We have known for more than a century that the left hemisphere is the primary site for language processing in the brain because lesions of the left hemisphere have often resulted in disorders of speech and language. But it is less clear why the left hemisphere is dominant for language. Is it because the left side of the brain is dedicated to processing the motor aspects of speaking and the sensory aspects of hearing or is it because the left side of the brain is specifically involved in processing the linguistic patterns of language? Clearly, it will be extremely difficult to answer this question by studying speech-based languages alone. One alternative is to study languages that are not speech-based but still possess linguistic structure — so dissociating the processing of speech from the processing of the structure of language. Languages that are not speech-based include the naturally evolved sign languages of deaf people such as American Sign Language. These languages possess phonological, morphological and syntactic levels of language organization homologous to those in spoken languages, convey the full semantic and grammatical expressive range, and use similar conversational rules to spoken languages.

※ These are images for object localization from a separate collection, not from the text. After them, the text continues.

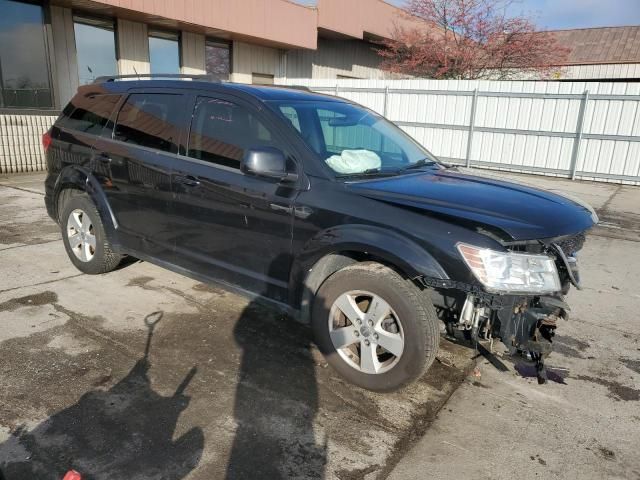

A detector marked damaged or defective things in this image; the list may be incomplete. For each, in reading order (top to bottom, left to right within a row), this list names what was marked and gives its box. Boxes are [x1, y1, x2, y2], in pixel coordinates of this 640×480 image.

damaged front end [424, 231, 584, 384]
exposed headlight [458, 242, 556, 294]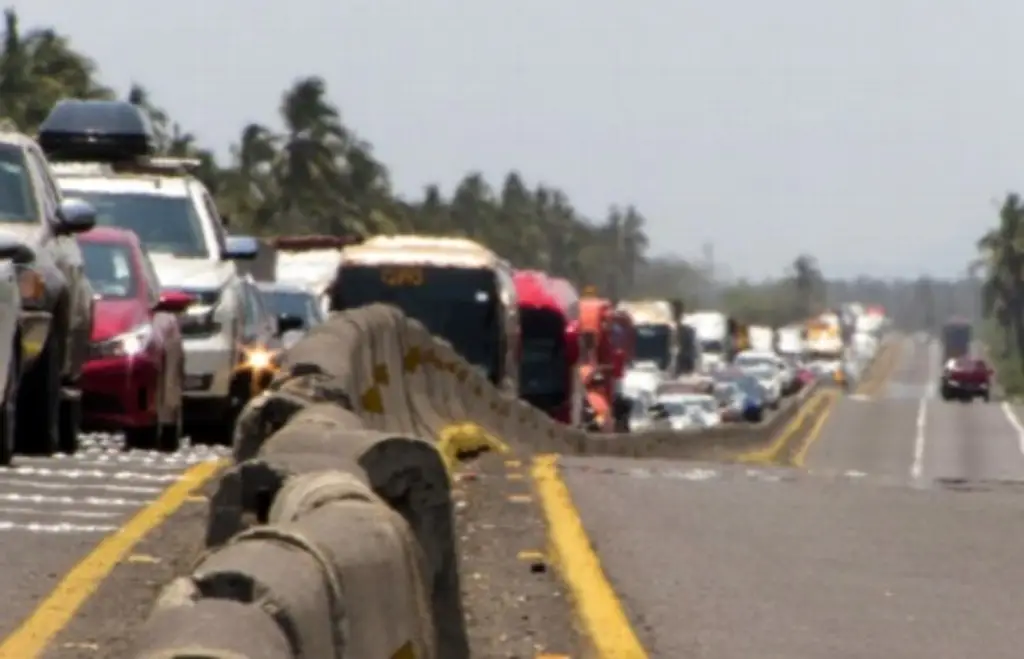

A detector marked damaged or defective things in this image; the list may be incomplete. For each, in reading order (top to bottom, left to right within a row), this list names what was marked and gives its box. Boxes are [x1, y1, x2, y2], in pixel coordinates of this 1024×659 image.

overturned bus [330, 236, 520, 392]
overturned bus [516, 270, 580, 426]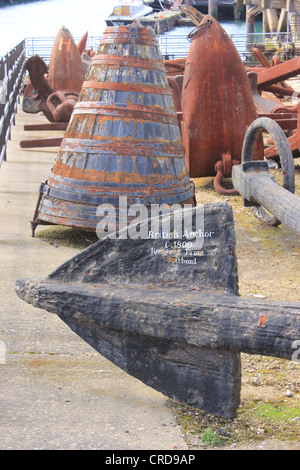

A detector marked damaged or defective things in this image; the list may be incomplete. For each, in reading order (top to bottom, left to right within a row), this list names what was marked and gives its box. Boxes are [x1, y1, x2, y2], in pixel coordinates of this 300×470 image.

rusty iron buoy [31, 24, 195, 234]
corroded metal surface [32, 24, 195, 234]
corroded metal surface [180, 14, 262, 185]
rusty iron buoy [180, 15, 262, 195]
rusty metal anchor [232, 117, 298, 235]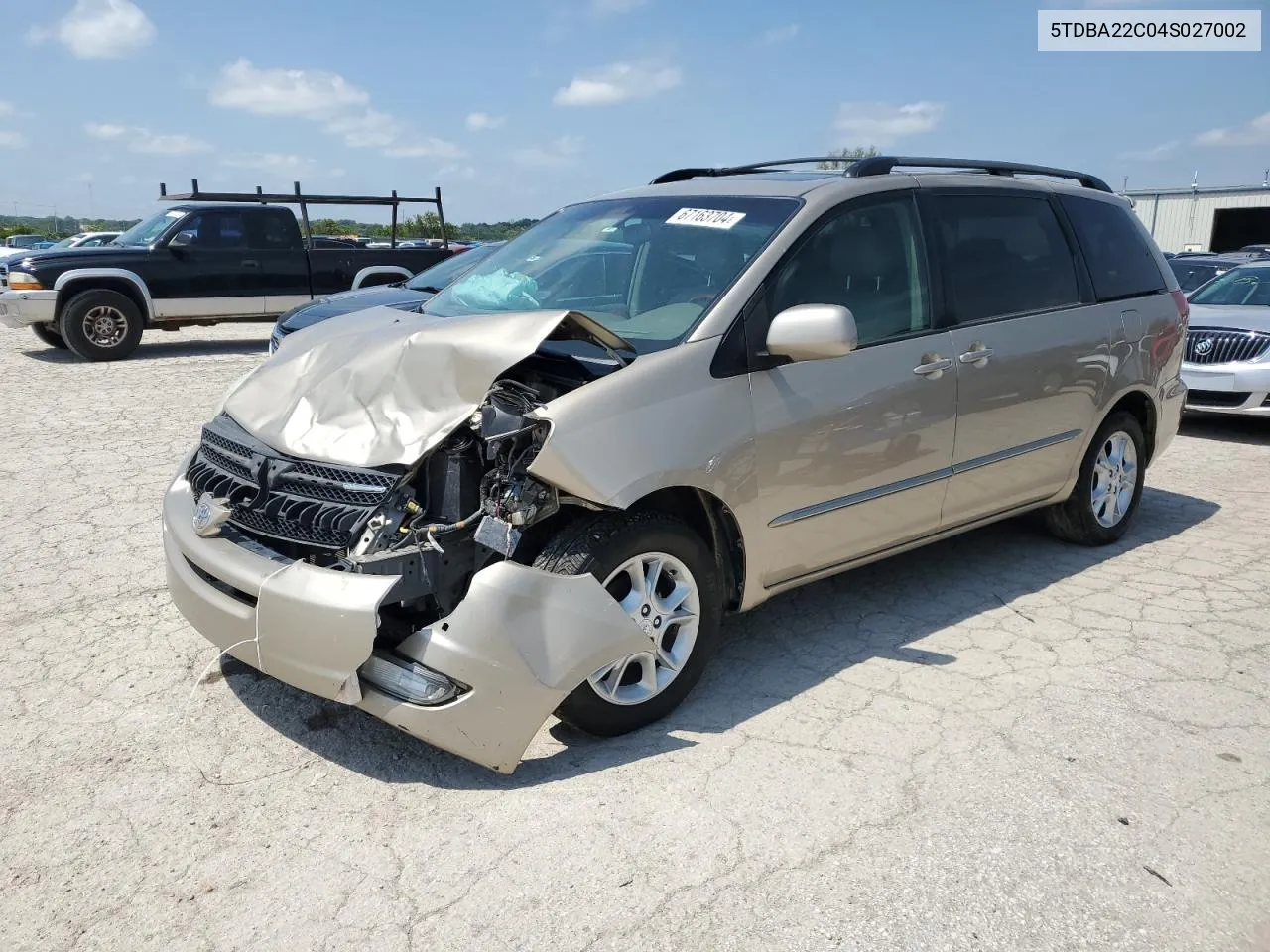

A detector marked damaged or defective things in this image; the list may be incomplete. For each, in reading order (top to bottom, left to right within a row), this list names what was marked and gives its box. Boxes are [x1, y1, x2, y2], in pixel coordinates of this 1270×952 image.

detached front bumper [0, 289, 58, 329]
broken headlight area [187, 360, 599, 650]
detached front bumper [162, 472, 650, 776]
crumpled hood [227, 305, 629, 469]
cracked asphalt lot [2, 324, 1270, 949]
damaged gold minivan [161, 153, 1189, 772]
detached front bumper [1178, 360, 1270, 416]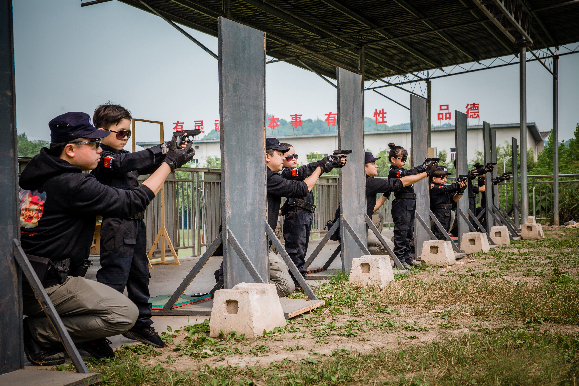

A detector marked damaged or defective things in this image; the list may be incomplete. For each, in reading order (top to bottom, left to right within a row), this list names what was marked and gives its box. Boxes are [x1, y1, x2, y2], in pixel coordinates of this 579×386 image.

rusty metal panel [0, 0, 23, 374]
rusty metal panel [220, 18, 270, 288]
rusty metal panel [338, 67, 364, 272]
rusty metal panel [412, 96, 430, 260]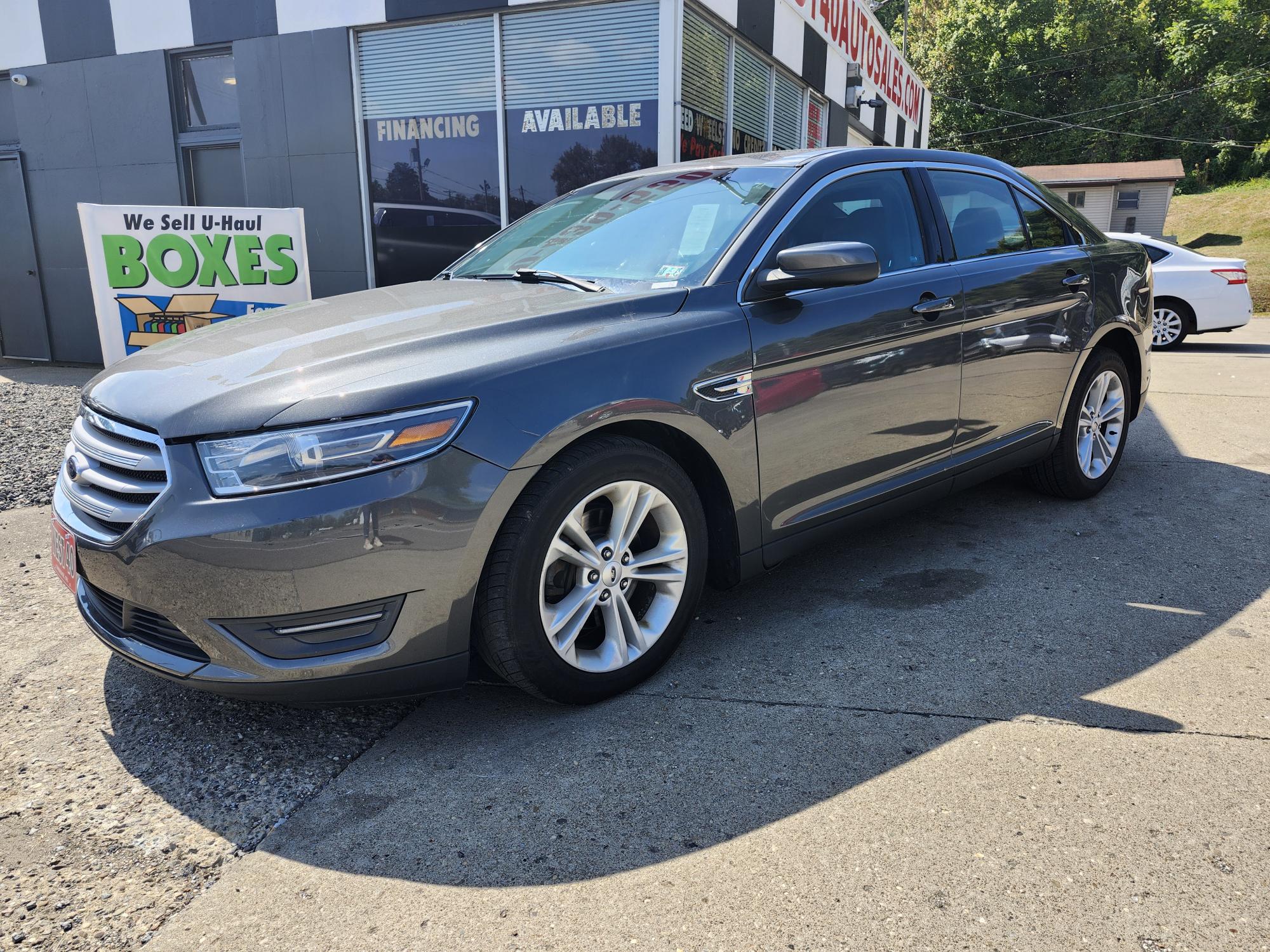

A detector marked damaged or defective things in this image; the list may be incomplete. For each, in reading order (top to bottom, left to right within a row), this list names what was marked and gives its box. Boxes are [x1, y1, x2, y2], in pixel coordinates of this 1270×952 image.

pavement crack [627, 696, 1270, 746]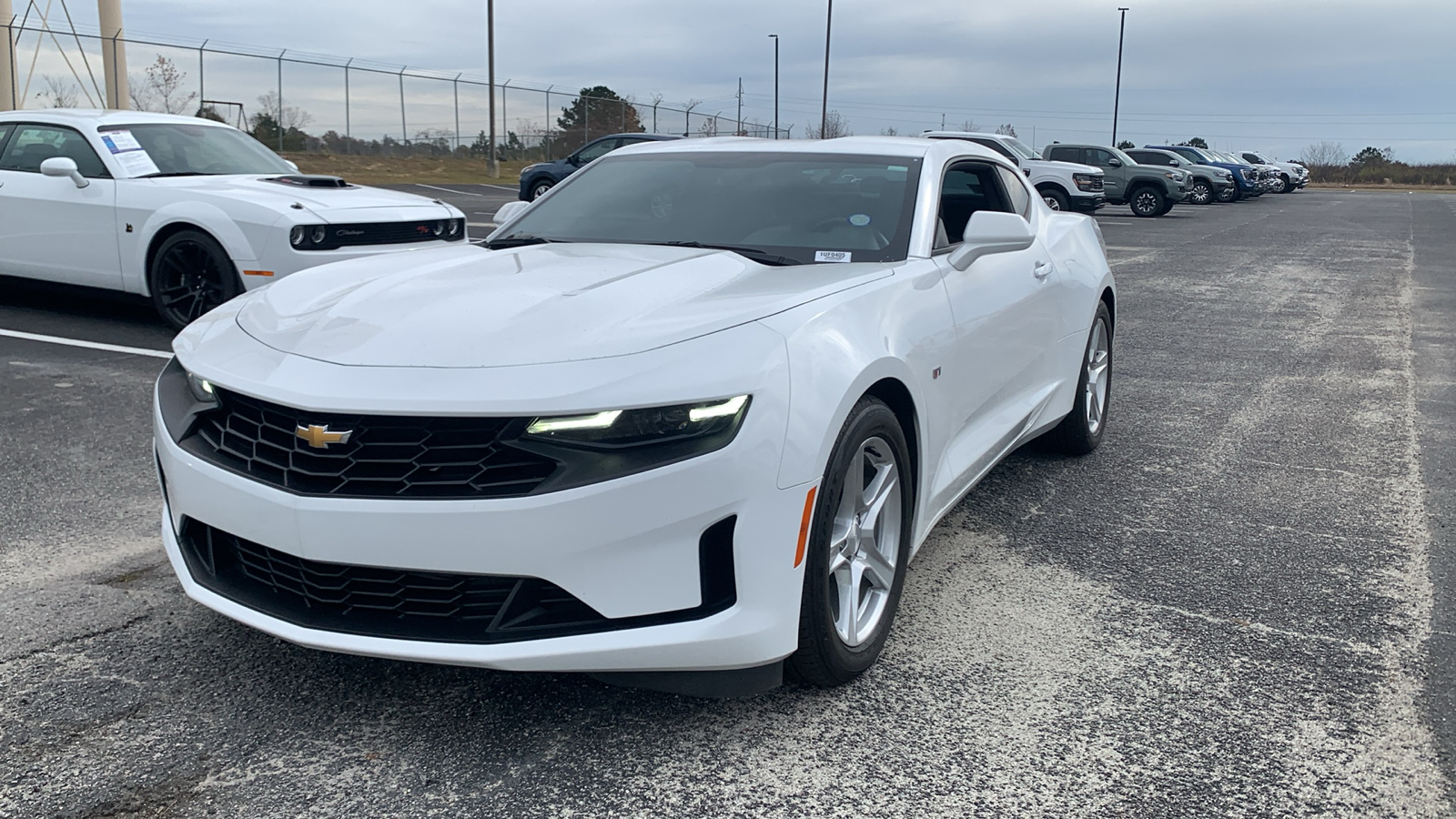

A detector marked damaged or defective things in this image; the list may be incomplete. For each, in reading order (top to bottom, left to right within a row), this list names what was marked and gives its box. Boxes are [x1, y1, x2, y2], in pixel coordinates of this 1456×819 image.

cracked pavement [3, 187, 1456, 810]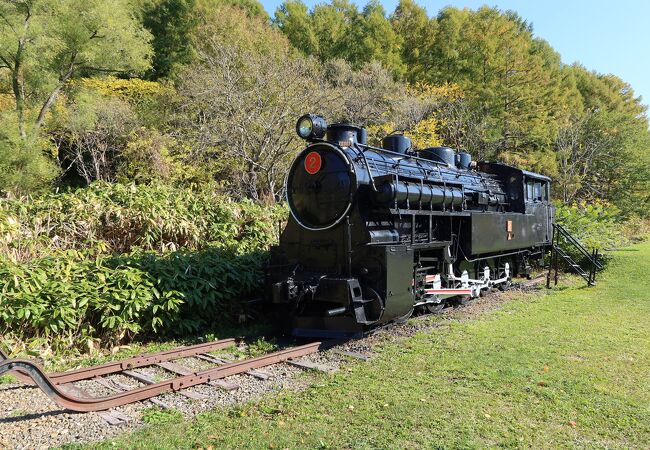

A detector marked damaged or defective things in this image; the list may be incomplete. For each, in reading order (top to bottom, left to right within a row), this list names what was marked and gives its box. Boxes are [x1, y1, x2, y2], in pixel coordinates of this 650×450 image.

A recent study by Laura Petitto, Robert Zatorre and colleagues at McGill University built on previous work with naturally evolved sign languages and their use by profoundly deaf subjects to probe the neural basis of language organization using positron emission tomography. Cerebral blood flow activity was observed in profoundly deaf subjects processing specific aspects of sign language in areas of the brain that are widely assumed to be unimodal for speech or sound. Specifically, activity was observed in the left inferior frontal cortex when deaf signers produced meaningful signed verbs in response to a signed noun. These results suggest that specific sites of the left frontal cortex are recruited for higher-order linguistic processes related to lexical operations that do not depend on the presence of sound. In addition, activity was observed bilaterally in an area of the superior temporal gyrus (STG) — the planum temporale (PT) — when deaf subjects viewed signs or meaningless parts of signs (equivalent to phonetic or syllabic units). The latter result indicates that, contrary to the prevailing view, the PT might not be exclusively dedicated to processing speech sounds. It might instead have a more general role in processing the abstract properties of language in multiple modalities. It could also be that auditory cortex within the STG undergoes functional reorganization in the absence of auditory input to respond to complex visual inputs more generally. These findings therefore raise many interesting questions concerning the functional role of STG regions in the deaf.

These new data indicate that the specialization for language is not pre-specified exclusively by the mechanisms for producing and perceiving sound but might also involve multi-modal areas that are specialized for processing the patterning of natural languages. It seems very clear that sign languages might, somewhat counter-intuitively, hold some of the keys to understanding the neural basis of human language.